Eğer öyle olmasa, meselâ şu "POAŞ'taki kâr kokusu"nu alabilir miydi?..
Hele hatırlayın o süreci:
- 21 Temmuz 2000 tarihinde, Petrol Ofisi hisselerinin yüzde 51'i, açılan özelleştirme ihalesinde 1 milyar 260 milyon ABD Doları bedelle Türkiye İş Bankası ve Doğan Şirketler Grubu Holding A.Ş.'den oluşan Ortak Girişim Grubu tarafından satın alındı.
- Ağustos 2002'de; grup, Petrol Ofisi'nin devlete ait olan yüzde 25.83 oranındaki hissesini de satın aldı. Aynı yıl Aralık ayında İş-Doğan ve Petrol Ofisi'nin birleşmesiyle İş Bankası ile Doğan Holding eşit olarak Petrol Ofisi'nin yüzde 47.42'sine sahip oldular.

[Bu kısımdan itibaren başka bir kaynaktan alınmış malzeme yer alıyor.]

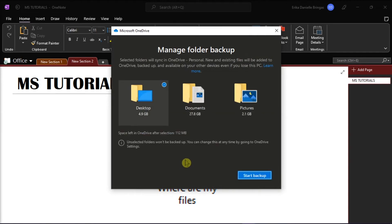Now you may find the desktop folder has been selected automatically, and you can click the start backup button to continue backing up files in the desktop folder.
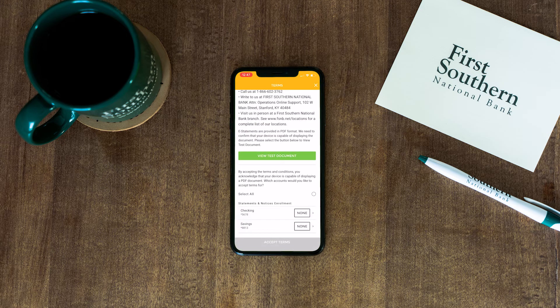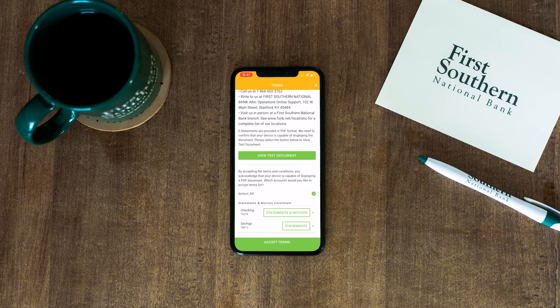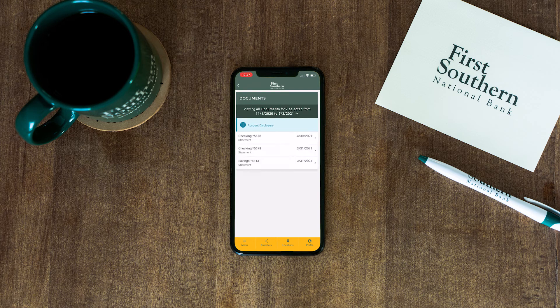Now tap Select All to choose all eligible accounts, or select the accounts you would like digital statements for. Then tap Accept Terms, and that's it — you're enrolled in digital statements. You can access all future statements in the app by selecting Statements and Notices in the menu.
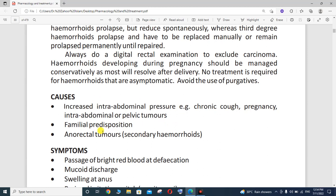The second cause is familial predisposition. Most of the cases observed in our society are familial — that is, genetic. Anorectal tumours are also a secondary cause of hemorrhoids.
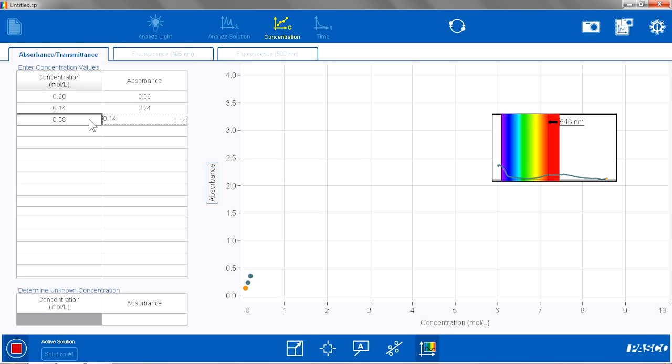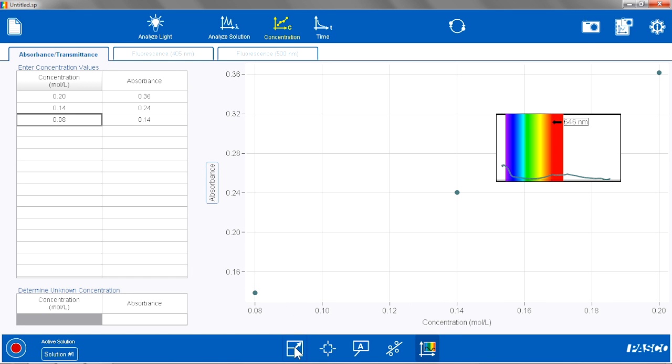I am only doing three standards this time, so I just have those three. Now that I am set, I will hit Stop. I can see my points down here. I can autoscale that graph and see those points line up.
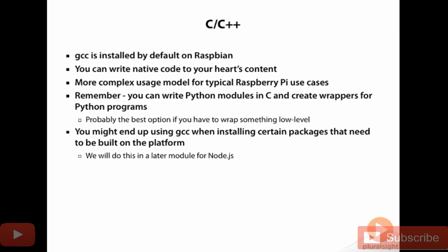For example, Node, which I'll cover in the later module on using Raspberry Pi as a web server, you need to compile. Doing so is pretty straightforward, but that's another reason why you might end up going to the command line and using GCC.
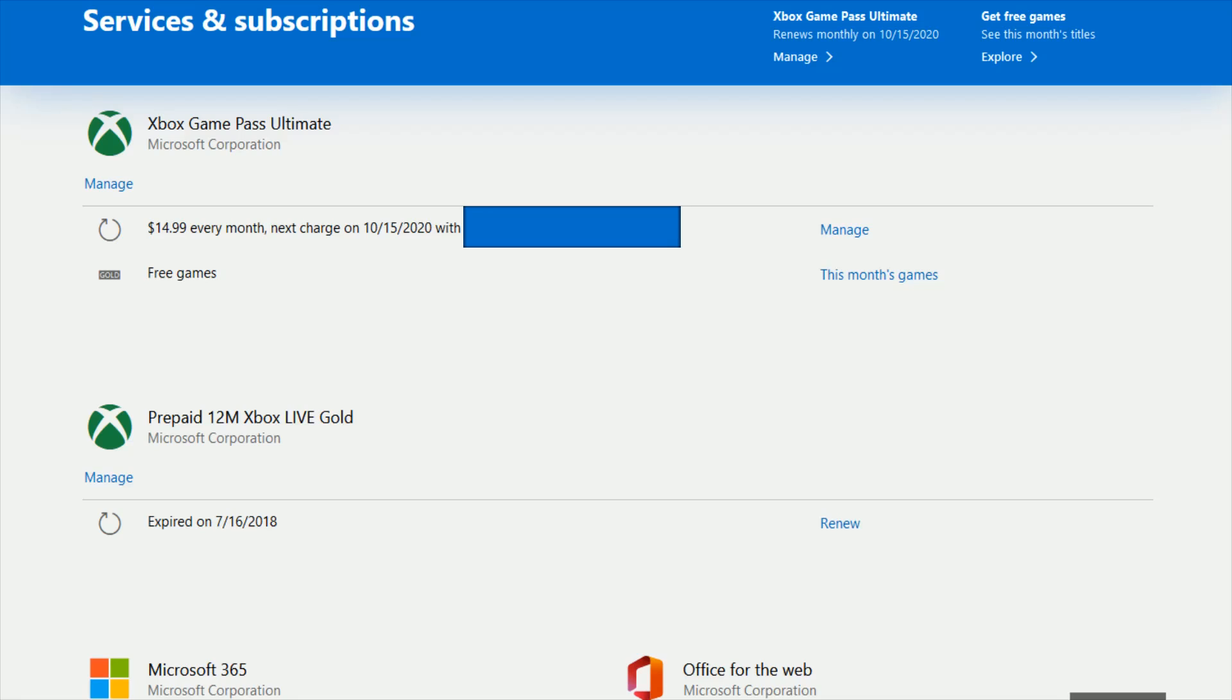All I have to do is head on over to account.microsoft.com/services and I'll put a link to that webpage right at the top of the video description. You'll be prompted to log in to your Xbox Microsoft account if you have not already done so.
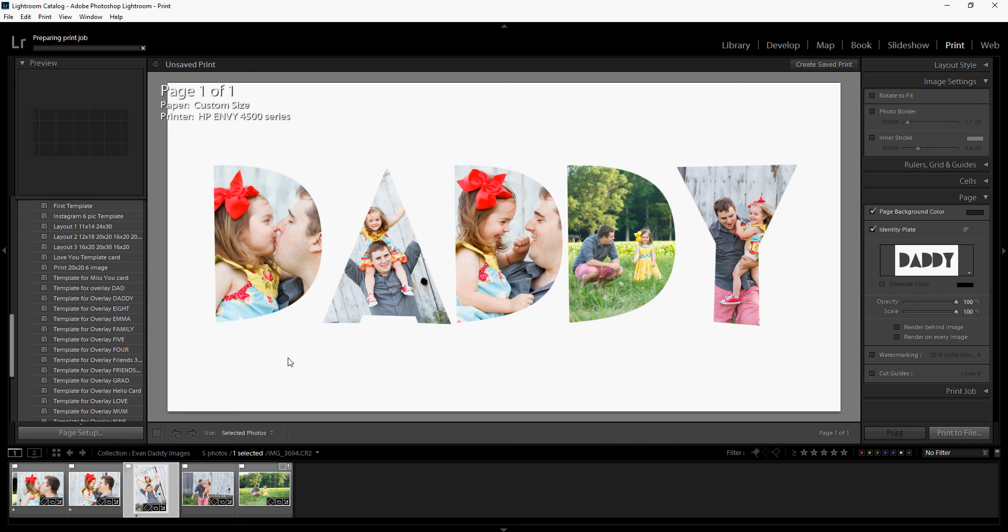So thank you so much for purchasing an overlay from me. And again, if there is ever an overlay idea that you have, please let me know and I'd be glad to custom design it for you.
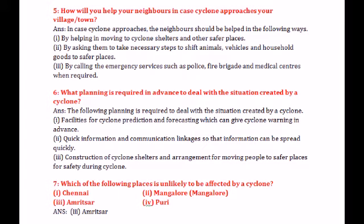Fifth question: How will you help your neighbors in case a cyclone approaches your village or town? You can help in the following ways: by helping in moving to cyclone shelters and other safer places; by asking them to take necessary steps to shift animals, vehicles, and household goods to safer places; by calling emergency services such as police, fire brigade, and medical centers when required.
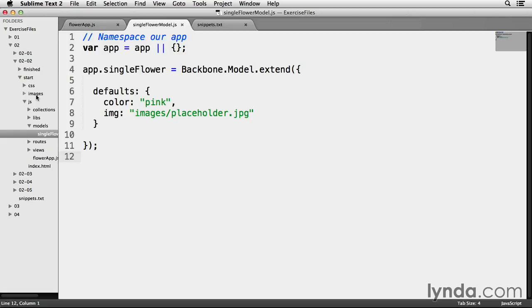Changing model attributes might cause issues inside of our backbone web app. Parts of the code may be expecting the attributes to be of a certain value, and if these attributes change, these other parts I'm talking about might be unable to perform certain tasks.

- 2005 yılı Şubat ayı içerisinde, Türkiye İş Bankası Grubu Petrol Ofisi'nin yüzde 44.06'sına, Doğan Şirketler Grubu Holding ise yüzde 44.31'ine sahip oldular.
- 2 Eylül 2005 tarihinde İş Bankası'nın sahibi bulunduğu ve toplam sermayenin yüzde 44.06'sına karşılık gelen Petrol Ofisi hisse senetleri Doğan Holding tarafından 616 milyon dolar karşılığında satın alındı.

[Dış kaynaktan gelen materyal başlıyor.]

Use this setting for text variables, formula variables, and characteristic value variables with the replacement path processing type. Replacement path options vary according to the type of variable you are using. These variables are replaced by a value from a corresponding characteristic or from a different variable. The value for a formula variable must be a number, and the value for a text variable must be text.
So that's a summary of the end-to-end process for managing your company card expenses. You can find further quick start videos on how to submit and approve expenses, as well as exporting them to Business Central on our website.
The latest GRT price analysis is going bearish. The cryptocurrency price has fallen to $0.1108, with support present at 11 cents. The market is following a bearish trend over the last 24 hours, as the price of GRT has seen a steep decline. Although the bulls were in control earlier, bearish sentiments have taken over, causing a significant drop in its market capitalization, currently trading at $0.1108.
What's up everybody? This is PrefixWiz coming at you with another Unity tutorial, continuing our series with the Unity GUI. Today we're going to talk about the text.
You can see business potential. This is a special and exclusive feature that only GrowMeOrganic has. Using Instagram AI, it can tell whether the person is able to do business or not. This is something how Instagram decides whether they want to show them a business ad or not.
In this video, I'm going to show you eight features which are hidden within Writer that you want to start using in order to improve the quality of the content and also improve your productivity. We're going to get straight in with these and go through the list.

- Aydın Doğan, son olarak 13 Mart 2006 tarihinde elindeki POAŞ hisselerinin yüzde 34'ünü 1 milyar 54 milyon dolara Avusturyalı OMV şirketine peşin olarak sattı.
İyi satış, iyi para!..
Haa, unutmadan söyleyeyim; sadece geçen yılın ilk 9 ayında, Petrol Ofisi'nin yaptığı "ciro" da "6 milyar 560 milyon dolar" civarındaydı!..
Demek ki, doğru söylüyorlar!..
Aydın Bey, gerçekten de "etrafında olan-biteni gören" biriymiş!.. "Nereden ne geleceğini" iyi bildiği, POAŞ'tan anlaşılıyor zaten!..
DIŞBANK'TAN... FORTİS'E!
Sadece POAŞ mı; şimdiki adı Fortis olan Dışbank'ta da; nasıl "kaz gelecek" yeri gören bir "patron" olduğunu ortaya koymuştu zaten!..
Olayın özü ve özeti şu:
İş Bankası; Dışbank'ı, önce Lapis'e satmıştı. Ancak Lapis; taksitlerini ödeyemeyince İş Bankası, bankayı geri aldı... Sonra Doğan Grubu'na; 20 Kasım 1994'te, Frankfurt şubesi kanalıyla libor artı 2 faizli; biri 6 yıl, diğeri 7 yıl olmak üzere 7'şer milyon dolarlık iki kredi verdi.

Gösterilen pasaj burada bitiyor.